> Work request: Line tally for "from": state how many lines of the entries include it, with no other text.

Brief descriptive captions

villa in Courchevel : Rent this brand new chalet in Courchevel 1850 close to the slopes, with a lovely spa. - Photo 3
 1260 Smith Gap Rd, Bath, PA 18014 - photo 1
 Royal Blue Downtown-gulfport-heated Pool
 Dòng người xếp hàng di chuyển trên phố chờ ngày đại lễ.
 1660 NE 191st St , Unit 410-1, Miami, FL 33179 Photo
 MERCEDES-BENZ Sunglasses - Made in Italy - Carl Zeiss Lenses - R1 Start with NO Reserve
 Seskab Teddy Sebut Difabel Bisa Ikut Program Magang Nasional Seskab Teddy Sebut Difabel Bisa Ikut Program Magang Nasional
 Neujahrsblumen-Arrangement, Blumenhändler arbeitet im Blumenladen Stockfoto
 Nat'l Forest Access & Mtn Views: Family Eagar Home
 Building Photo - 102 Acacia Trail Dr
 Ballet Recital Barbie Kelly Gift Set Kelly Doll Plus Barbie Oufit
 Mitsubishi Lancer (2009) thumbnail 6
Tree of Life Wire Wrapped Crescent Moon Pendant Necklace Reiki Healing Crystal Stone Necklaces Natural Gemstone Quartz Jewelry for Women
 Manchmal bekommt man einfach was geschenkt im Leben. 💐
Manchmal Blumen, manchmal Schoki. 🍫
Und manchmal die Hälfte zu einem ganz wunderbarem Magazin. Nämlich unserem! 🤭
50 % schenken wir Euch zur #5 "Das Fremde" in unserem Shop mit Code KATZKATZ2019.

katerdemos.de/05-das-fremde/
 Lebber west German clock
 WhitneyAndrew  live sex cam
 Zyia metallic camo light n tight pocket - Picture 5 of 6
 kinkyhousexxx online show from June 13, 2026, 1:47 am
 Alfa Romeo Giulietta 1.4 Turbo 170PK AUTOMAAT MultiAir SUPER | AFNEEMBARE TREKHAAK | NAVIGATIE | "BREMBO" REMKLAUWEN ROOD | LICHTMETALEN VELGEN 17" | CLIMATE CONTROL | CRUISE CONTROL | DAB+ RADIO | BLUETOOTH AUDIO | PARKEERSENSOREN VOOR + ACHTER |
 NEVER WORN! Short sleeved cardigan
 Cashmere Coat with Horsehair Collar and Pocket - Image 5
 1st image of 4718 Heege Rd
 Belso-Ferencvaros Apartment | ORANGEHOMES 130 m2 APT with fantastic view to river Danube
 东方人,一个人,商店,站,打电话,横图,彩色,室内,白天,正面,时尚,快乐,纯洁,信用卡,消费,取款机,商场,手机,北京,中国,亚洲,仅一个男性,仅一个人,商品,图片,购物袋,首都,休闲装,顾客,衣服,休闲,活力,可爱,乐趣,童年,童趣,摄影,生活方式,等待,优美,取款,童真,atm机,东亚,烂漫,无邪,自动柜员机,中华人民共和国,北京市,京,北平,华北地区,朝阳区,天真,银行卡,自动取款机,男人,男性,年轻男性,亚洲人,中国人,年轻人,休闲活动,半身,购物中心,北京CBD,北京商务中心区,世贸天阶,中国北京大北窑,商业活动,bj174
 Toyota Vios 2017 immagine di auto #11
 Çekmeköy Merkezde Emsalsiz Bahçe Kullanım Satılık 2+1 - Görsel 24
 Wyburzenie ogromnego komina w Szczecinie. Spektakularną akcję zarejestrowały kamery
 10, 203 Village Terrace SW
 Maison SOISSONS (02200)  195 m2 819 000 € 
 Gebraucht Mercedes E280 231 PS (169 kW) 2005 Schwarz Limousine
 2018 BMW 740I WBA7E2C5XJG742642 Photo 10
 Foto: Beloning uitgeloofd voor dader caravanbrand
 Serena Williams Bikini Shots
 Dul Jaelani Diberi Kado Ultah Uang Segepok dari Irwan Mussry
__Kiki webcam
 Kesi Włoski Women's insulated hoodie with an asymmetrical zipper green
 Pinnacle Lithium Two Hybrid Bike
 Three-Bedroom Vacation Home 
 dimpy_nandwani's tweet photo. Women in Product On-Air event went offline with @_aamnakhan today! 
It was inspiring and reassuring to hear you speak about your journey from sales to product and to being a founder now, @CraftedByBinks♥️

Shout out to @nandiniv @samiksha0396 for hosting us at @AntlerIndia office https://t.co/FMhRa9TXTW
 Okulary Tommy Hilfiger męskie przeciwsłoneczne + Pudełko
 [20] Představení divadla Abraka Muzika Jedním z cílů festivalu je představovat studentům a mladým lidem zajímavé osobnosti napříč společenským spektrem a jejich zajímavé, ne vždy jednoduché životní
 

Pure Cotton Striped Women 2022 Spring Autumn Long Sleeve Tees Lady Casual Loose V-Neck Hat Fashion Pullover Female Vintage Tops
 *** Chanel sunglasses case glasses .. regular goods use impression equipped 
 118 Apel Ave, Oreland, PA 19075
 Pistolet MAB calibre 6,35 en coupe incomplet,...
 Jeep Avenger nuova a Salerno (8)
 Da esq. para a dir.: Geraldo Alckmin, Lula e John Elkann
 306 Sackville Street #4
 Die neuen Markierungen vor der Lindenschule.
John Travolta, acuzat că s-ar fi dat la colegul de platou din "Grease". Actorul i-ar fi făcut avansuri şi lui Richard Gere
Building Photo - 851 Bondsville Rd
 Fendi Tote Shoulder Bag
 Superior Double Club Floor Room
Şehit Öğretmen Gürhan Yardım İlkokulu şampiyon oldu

> Written answer: 2